What the task requires = Print, from the listing below, the lines starting at the line containing "Another thing I" and ending at the line containing "If your purple", exactly as they stand, and print nothing else.

Given records =
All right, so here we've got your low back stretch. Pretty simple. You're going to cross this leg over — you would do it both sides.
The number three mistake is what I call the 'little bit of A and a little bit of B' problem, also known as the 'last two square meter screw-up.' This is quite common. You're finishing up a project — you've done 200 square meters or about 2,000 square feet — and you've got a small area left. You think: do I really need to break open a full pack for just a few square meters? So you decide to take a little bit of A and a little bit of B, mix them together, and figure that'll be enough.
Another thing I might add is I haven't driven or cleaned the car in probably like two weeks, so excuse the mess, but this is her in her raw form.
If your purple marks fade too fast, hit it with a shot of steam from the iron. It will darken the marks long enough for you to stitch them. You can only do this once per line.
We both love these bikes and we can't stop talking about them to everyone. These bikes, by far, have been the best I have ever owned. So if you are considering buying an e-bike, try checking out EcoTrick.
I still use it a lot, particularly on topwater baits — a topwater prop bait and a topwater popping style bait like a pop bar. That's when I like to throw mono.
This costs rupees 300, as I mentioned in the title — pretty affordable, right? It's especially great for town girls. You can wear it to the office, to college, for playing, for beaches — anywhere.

==

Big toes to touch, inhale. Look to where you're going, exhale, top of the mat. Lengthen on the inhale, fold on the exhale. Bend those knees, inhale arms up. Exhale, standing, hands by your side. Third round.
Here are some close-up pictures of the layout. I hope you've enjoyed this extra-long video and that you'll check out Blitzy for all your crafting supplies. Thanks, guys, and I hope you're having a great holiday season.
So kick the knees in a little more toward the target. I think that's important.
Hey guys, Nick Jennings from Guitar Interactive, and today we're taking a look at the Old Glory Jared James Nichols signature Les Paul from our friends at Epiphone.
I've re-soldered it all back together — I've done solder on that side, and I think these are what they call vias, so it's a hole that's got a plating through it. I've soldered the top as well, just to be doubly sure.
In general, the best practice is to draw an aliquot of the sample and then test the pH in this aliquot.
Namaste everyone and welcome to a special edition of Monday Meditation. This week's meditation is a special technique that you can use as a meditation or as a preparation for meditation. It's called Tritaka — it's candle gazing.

...

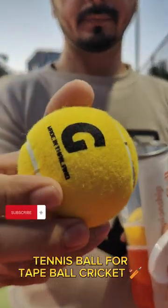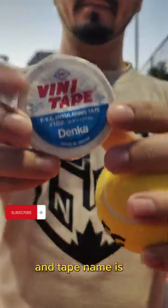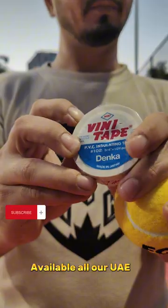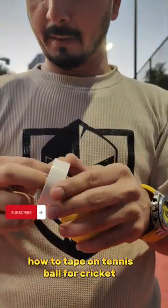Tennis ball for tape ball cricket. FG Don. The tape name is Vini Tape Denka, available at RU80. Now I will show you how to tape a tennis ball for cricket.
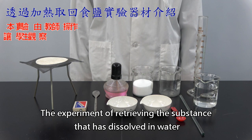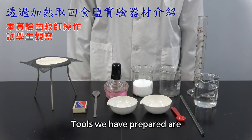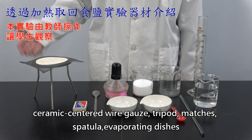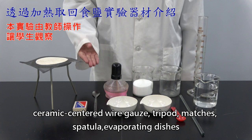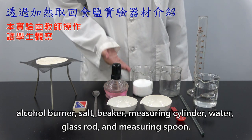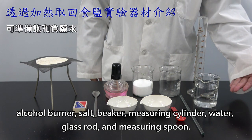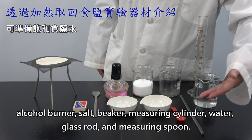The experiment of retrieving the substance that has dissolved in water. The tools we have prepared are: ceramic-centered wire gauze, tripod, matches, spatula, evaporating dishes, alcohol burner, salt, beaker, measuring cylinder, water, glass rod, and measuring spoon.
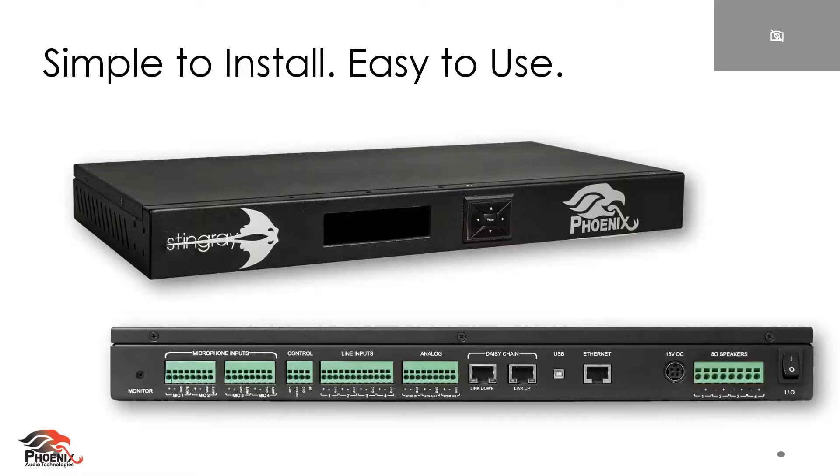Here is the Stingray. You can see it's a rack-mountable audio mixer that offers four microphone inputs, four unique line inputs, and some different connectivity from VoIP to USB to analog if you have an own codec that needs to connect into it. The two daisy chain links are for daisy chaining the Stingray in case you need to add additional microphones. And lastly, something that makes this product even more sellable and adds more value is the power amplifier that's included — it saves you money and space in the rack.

Output of the exercise =
Another thing I might add is I haven't driven or cleaned the car in probably like two weeks, so excuse the mess, but this is her in her raw form.
If your purple marks fade too fast, hit it with a shot of steam from the iron. It will darken the marks long enough for you to stitch them. You can only do this once per line.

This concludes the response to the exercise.